O “colaborador” me havia indicado dois outros laboratórios que dispunham do tal exame. Com o número de telefone em mãos, fiz nova ligação e, desta vez, consegui agendar para dali a alguns dias o procedimento. Ao final, a moça do outro lado da linha me pediu, como na ligação anterior, que, caso eu quisesse, esperasse na linha para responder a uma rápida pesquisa de satisfação do cliente. Como fui, novamente, bem atendido, resolvi esperar. A voz gravada e os termos utilizados eram rigorosamente os mesmos da pesquisa de satisfação respondida anteriormente, inclusive a designação da moça do outro lado da linha, “colaborador”.

Aparentemente, não há mais “patrões”, “chefes”, “funcionários” e “empregados”, mas “líderes”, “consultores” e “colaboradores”. Todos “vestem a mesma camisa”, todos querem o melhor para a “sua” empresa, as relações de trabalho, aparentemente, se horizontalizaram, se equalizaram, e ninguém mais manda em ninguém, todo mundo mete o bedelho em tudo porque estão todos “no mesmo barco”. Se você liga para o seu plano de saúde, é atendido por “um de nossos consultores”. Se quiser vender produtos Jequiti, você é alçada ao posto, como visto num anúncio de TV, numa de “nossas consultoras”. Na papelaria onde comprávamos o material escolar do Miguel, coração aos pulos com os preços extorsivos cobrados, de vez em quando um “colaborador” era chamado à gerência.
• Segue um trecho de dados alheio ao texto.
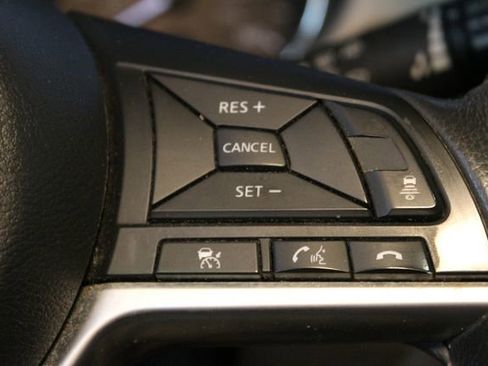 Used 2017 Nissan Rogue SL AWD/4WD image 24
O ato de colaborar pressupõe voluntarismo, e vá o “colaborador” desafiar as decisões do “líder” para sentir na pele as consequências da insubordinação. Por maior que haja o prestígio junto ao “líder”, a “colaboração” nada mais é do que um eufemismo sem-vergonha (ou seria envergonhado?) das relações de trabalho cada vez mais desiguais e precárias, estourando a corda sempre no lado mais fraco independente da propalada “eficiência” e “disposição” dos violinistas (para usar a metáfora do Titanic). De um dia para outro, por conta da “reestruturação” da empresa, o “colaborador” se vê buscando “realocação no mercado de trabalho”. É a vez do empreendedorismo, do “faça você mesmo”.


Não há mais “emprego”, mas “colaboração premiada”. Não quer colaborar? Ótimo, mas também não tem prêmio. Afinal, temos livre-arbítrio. Ou não?